Word for word, restate the lines of the data from the first through the one containing "A multi-story building", and nothing else.

○ ○ ○ ○ ○ ○ ○

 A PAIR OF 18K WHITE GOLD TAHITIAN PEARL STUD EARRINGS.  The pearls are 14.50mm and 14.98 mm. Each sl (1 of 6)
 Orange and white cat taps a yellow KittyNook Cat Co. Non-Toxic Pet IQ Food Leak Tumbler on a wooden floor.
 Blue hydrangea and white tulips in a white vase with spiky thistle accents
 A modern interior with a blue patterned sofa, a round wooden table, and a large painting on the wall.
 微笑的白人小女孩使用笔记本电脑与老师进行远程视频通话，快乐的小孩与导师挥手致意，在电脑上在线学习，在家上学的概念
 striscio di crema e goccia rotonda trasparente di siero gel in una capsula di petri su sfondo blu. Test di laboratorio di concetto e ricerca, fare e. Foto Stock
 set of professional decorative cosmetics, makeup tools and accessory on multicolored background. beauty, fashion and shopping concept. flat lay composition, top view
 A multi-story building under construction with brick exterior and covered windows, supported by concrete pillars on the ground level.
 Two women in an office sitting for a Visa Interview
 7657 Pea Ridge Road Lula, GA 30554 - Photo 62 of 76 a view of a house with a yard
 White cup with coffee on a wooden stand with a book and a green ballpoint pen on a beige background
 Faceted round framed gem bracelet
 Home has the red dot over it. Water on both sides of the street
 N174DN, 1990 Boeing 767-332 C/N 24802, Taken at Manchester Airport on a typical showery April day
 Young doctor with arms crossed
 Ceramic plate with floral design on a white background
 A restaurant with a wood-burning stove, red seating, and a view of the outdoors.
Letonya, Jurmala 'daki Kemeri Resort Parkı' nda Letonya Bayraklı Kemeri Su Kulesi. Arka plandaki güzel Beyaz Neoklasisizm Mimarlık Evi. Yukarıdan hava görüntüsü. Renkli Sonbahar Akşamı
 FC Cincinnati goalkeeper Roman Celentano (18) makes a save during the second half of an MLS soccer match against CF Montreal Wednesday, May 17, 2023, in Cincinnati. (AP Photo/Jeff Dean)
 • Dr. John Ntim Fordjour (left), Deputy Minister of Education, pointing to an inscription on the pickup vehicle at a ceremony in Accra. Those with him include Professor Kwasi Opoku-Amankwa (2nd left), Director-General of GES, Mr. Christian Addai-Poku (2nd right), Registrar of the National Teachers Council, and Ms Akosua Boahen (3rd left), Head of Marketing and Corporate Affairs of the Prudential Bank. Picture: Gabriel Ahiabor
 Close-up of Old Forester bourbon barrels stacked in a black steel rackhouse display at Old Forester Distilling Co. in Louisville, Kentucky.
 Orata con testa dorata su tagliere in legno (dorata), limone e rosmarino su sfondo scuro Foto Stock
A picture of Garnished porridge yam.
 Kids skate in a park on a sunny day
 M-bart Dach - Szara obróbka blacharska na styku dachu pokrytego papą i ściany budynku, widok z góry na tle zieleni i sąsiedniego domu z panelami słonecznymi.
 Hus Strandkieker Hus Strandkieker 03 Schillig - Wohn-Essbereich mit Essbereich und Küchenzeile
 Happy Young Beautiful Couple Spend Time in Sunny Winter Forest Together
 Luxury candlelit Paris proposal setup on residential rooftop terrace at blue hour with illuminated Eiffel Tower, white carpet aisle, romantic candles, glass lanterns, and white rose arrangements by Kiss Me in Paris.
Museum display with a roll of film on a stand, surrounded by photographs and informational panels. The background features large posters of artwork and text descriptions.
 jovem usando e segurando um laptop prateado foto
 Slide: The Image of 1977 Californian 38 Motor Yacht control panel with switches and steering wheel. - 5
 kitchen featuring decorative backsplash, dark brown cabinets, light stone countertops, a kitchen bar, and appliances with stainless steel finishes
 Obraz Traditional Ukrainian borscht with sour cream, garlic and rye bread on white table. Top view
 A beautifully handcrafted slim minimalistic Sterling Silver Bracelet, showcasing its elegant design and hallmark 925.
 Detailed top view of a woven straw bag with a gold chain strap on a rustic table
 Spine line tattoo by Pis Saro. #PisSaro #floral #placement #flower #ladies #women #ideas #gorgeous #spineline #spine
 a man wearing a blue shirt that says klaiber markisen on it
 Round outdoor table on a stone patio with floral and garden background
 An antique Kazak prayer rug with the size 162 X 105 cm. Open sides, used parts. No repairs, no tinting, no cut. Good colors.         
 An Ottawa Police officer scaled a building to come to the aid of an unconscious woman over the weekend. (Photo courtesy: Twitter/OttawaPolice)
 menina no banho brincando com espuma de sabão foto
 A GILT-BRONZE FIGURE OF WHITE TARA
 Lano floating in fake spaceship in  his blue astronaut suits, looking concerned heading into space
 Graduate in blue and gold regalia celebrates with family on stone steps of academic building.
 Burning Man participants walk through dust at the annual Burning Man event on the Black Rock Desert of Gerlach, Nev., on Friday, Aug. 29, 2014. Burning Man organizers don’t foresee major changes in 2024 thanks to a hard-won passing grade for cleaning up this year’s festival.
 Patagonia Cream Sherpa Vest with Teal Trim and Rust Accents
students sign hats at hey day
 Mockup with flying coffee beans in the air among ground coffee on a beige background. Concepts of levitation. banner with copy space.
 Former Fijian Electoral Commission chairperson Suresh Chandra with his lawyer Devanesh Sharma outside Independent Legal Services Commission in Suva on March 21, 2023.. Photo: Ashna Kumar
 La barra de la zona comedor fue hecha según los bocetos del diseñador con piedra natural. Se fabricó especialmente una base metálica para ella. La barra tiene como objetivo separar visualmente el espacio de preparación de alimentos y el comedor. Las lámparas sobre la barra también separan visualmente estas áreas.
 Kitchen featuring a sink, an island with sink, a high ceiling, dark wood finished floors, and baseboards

○ ○ ○ ○ ○ ○ ○

## Solution to this task
 A PAIR OF 18K WHITE GOLD TAHITIAN PEARL STUD EARRINGS.  The pearls are 14.50mm and 14.98 mm. Each sl (1 of 6)
 Orange and white cat taps a yellow KittyNook Cat Co. Non-Toxic Pet IQ Food Leak Tumbler on a wooden floor.
 Blue hydrangea and white tulips in a white vase with spiky thistle accents
 A modern interior with a blue patterned sofa, a round wooden table, and a large painting on the wall.
 微笑的白人小女孩使用笔记本电脑与老师进行远程视频通话，快乐的小孩与导师挥手致意，在电脑上在线学习，在家上学的概念
 striscio di crema e goccia rotonda trasparente di siero gel in una capsula di petri su sfondo blu. Test di laboratorio di concetto e ricerca, fare e. Foto Stock
 set of professional decorative cosmetics, makeup tools and accessory on multicolored background. beauty, fashion and shopping concept. flat lay composition, top view
 A multi-story building under construction with brick exterior and covered windows, supported by concrete pillars on the ground level.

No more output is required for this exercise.